HOUSTON, May 30 (Xinhua) -- Governor of Texas Greg Abbott on Wednesday unveiled School and Firearm Safety Action Plan, involving millions of U.S. dollars of funding aimed at improving school safety across the State of Texas.
The plan contains 40 recommendations and includes proposals calling for increasing law enforcement presence at schools, strengthening existing campus security programs, enhancing firearm safety, and providing mental health evaluations that identify students at risk of harming others, among other things.
The recommendations identify some 110 million dollars in total funding, including 70 million dollars that is already or will soon be available to begin the work. The governor will have to work with Texas Legislature to fund 30 million dollars of that total.
"This plan is a starting point, not an ending place," Abbott said in remarks carried by a press release. "It provides strategies that can be used before the next school year begins to keep our students safe when they return to school. This plan will make our schools safer and our communities safer."

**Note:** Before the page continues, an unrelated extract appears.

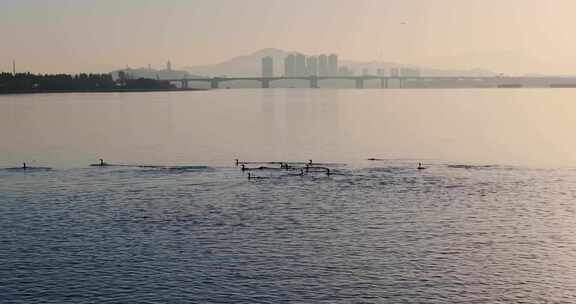 杭州双浦钱塘江五丰岛生态环境鸬鹚越冬风光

On May 18, nine students and one teacher were killed and another 10 wounded when a shooter opened fire inside Santa Fe High School southeast of Houston, the largest city in the state.
During a press briefing following the shooting, Abbott described the shooting one of the most "hideous attacks" that has ever happened in the history of Texas schools.
In November 2017, a gunman barged into a church and murdered 26 people in Sutherland Springs, also in Texas.